··· EXERCISE MATERIAL

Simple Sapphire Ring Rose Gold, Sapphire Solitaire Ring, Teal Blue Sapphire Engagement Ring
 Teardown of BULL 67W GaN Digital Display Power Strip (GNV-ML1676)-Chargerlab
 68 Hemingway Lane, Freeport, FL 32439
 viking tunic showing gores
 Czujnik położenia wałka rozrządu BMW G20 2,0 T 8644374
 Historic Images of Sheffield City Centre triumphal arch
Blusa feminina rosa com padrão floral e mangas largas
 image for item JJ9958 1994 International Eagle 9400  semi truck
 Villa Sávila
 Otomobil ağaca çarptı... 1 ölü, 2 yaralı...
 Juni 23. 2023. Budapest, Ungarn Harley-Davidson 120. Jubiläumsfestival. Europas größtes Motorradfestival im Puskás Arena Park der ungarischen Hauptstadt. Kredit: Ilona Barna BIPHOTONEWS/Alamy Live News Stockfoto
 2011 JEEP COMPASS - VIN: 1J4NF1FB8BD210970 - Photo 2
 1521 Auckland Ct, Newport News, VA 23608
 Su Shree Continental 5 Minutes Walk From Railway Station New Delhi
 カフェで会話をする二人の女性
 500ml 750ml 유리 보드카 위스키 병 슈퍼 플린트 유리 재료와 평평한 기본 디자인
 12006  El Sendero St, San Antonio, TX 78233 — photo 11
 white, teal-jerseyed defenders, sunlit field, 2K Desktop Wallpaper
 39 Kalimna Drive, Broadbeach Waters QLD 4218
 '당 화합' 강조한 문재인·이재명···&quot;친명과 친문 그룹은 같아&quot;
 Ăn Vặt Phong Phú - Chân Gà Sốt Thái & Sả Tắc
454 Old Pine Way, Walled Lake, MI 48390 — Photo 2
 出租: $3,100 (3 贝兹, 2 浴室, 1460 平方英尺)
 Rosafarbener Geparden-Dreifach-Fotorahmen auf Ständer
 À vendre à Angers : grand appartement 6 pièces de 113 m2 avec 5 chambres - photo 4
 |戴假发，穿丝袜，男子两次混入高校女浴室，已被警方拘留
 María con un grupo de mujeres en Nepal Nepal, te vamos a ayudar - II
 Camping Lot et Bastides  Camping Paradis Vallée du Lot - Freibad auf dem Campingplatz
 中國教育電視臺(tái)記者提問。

······

● WHAT TO WORK ON:
Transcribe the material exactly, so that no line is lost or altered.

● EXERCISE SOLUTION:
Simple Sapphire Ring Rose Gold, Sapphire Solitaire Ring, Teal Blue Sapphire Engagement Ring
 Teardown of BULL 67W GaN Digital Display Power Strip (GNV-ML1676)-Chargerlab
 68 Hemingway Lane, Freeport, FL 32439
 viking tunic showing gores
 Czujnik położenia wałka rozrządu BMW G20 2,0 T 8644374
 Historic Images of Sheffield City Centre triumphal arch
Blusa feminina rosa com padrão floral e mangas largas
 image for item JJ9958 1994 International Eagle 9400  semi truck
 Villa Sávila
 Otomobil ağaca çarptı... 1 ölü, 2 yaralı...
 Juni 23. 2023. Budapest, Ungarn Harley-Davidson 120. Jubiläumsfestival. Europas größtes Motorradfestival im Puskás Arena Park der ungarischen Hauptstadt. Kredit: Ilona Barna BIPHOTONEWS/Alamy Live News Stockfoto
 2011 JEEP COMPASS - VIN: 1J4NF1FB8BD210970 - Photo 2
 1521 Auckland Ct, Newport News, VA 23608
 Su Shree Continental 5 Minutes Walk From Railway Station New Delhi
 カフェで会話をする二人の女性
 500ml 750ml 유리 보드카 위스키 병 슈퍼 플린트 유리 재료와 평평한 기본 디자인
 12006  El Sendero St, San Antonio, TX 78233 — photo 11
 white, teal-jerseyed defenders, sunlit field, 2K Desktop Wallpaper
 39 Kalimna Drive, Broadbeach Waters QLD 4218
 '당 화합' 강조한 문재인·이재명···&quot;친명과 친문 그룹은 같아&quot;
 Ăn Vặt Phong Phú - Chân Gà Sốt Thái & Sả Tắc
454 Old Pine Way, Walled Lake, MI 48390 — Photo 2
 出租: $3,100 (3 贝兹, 2 浴室, 1460 平方英尺)
 Rosafarbener Geparden-Dreifach-Fotorahmen auf Ständer
 À vendre à Angers : grand appartement 6 pièces de 113 m2 avec 5 chambres - photo 4
 |戴假发，穿丝袜，男子两次混入高校女浴室，已被警方拘留
 María con un grupo de mujeres en Nepal Nepal, te vamos a ayudar - II
 Camping Lot et Bastides  Camping Paradis Vallée du Lot - Freibad auf dem Campingplatz
 中國教育電視臺(tái)記者提問。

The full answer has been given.